Di seberang sana, Binar mengernyitkan dahi karena tak paham dengan apa yang Ganendra katakan. "Anak sendiri? Maksudnya Mas?"
"Itu, tadi Binar bilang kalo udah nganggep Abi seperti anak sendiri."
Deg!
"Mampus!" dewi batinnya berujar histeris. Sedang yang bersangkutan tengah menepuk pelan bagian kening.
Biyu yang kebetulan melihat kearah Binar langsung mengerutkan pangkal dahi. Merasa bingung dengan gelagat adik sepupunya.
"Ah itu...ekhm!" Binar berdeham. "Maksud saya, eum...Abigail sudah saya anggap seperti anak murid saya sendiri, ng--nggak ada ma-maksud lain, iya gitu..."

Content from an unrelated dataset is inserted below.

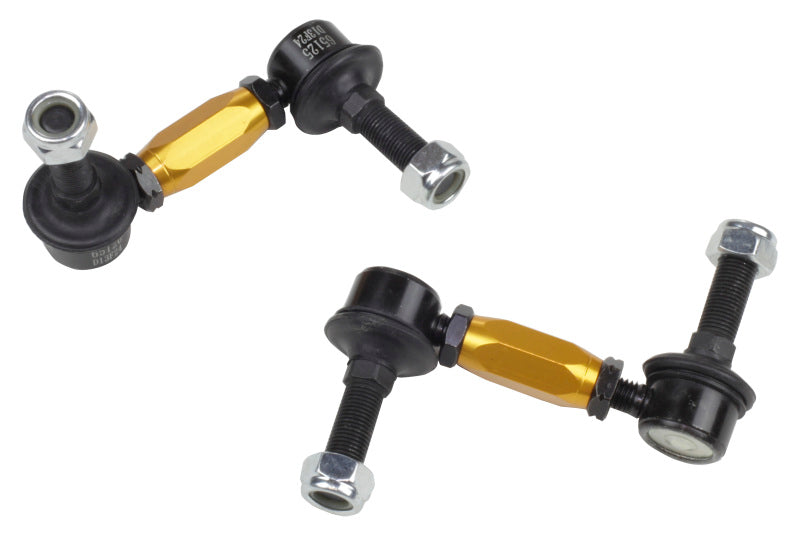 Whiteline 03+ Nissan 350z Z33 / 07-08 Infiniti G35 (Exc AWD) Fr Swaybar-Link Assy HD Adj Steel Ball-thumbmail-3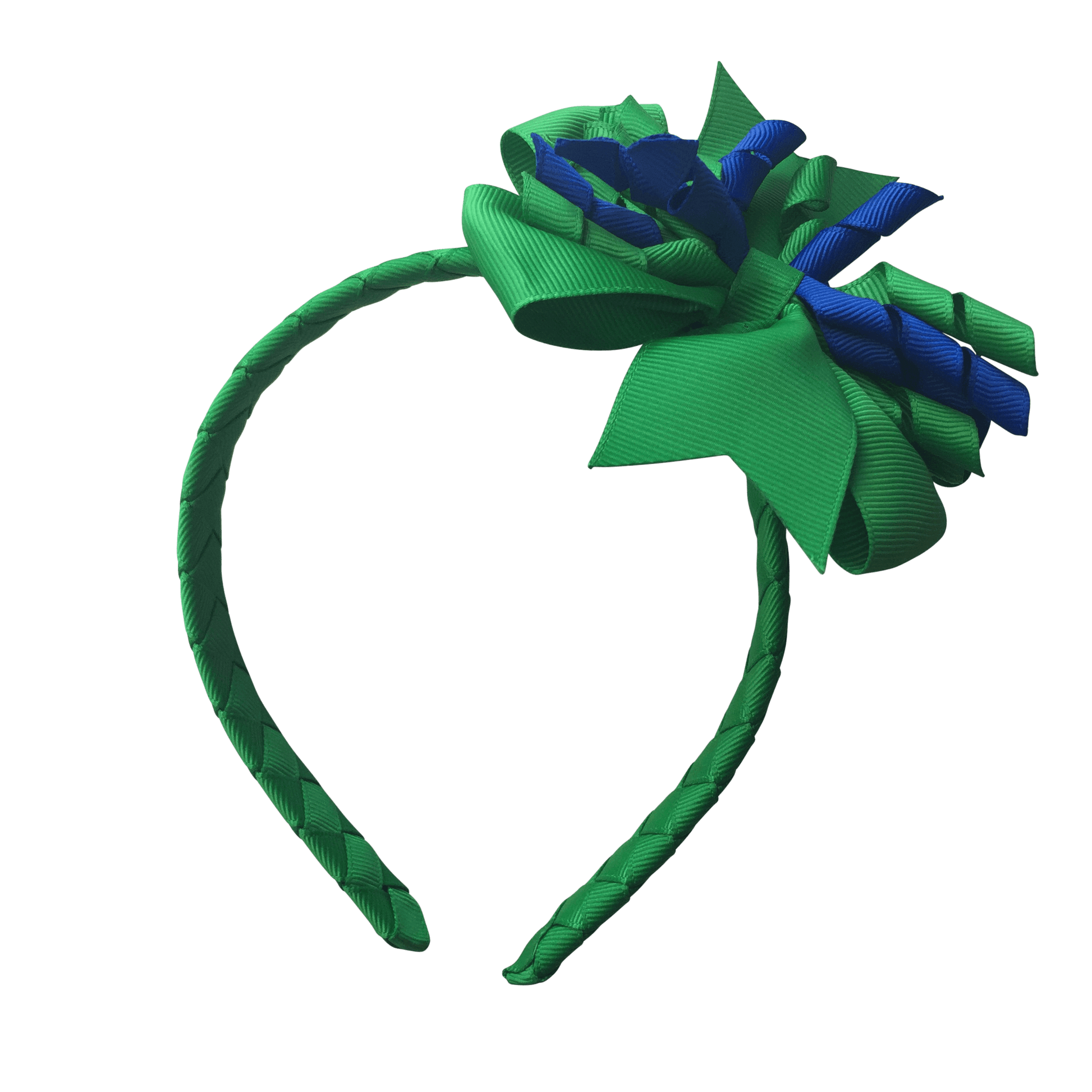 Green & Royal Blue Hair Accessories - Ponytails and Fairytales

"Aaaah...gitu," balas Ganendra
Entah kenapa, Ganendra merasa ada nada kecewa yang terselip dalam ucapan si duda. Apa mungkin karena perkataannya barusan?
Tapi, apa yang Binar katakan benar bukan? Abigail sudah Binar anggap sebagai muridnya sendiri. Karena pada dasarnya, Abigail hanyalah murid selundupan.

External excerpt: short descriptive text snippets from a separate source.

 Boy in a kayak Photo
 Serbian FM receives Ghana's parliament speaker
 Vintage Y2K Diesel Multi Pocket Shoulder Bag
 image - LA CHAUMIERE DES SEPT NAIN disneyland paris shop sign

Meskipun secara nyata, Binar juga nggak menampik kalau dirinya menganggap Abigail seperti anaknya. Anak kandungnya.
Tapi nggak mungkin juga kan, kalau Binar mau berkata yang sebenarnya pada Ganendra? Nanti, kalau Ganendra salah tanggap bagaimana? Binar saja masih belum tahu perasaan yang dirasakannya ini apa namanya.
Merasakan keterdiaman dari lawan bicaranya dan gurat sedih dari nada bicara Ganendra barusan, Binar berniat memperbaiki situasi yang ada.
"Mas Ganendra?" panggil Binar lembut.
Ganendra menjawab dengan tak kalah lembutnya. "Iya."
"Eum...Abigail lagi apa?"
"Interupsi!" Biyu tiba-tiba bersuara ketika Binar selesai melayangkan pertanyaan.
Perempuan mungil itu langsung menatap Biyu dengan seksama sementara telinganya tetap awas mendengar jawaban Ganendra dari balik sambungan.
"Bukan Abigail yang lagi apa, tapi Ayahnya yang lagi apa. Iya kan?" goda Biyu dengan alis yang dibuat naik turun.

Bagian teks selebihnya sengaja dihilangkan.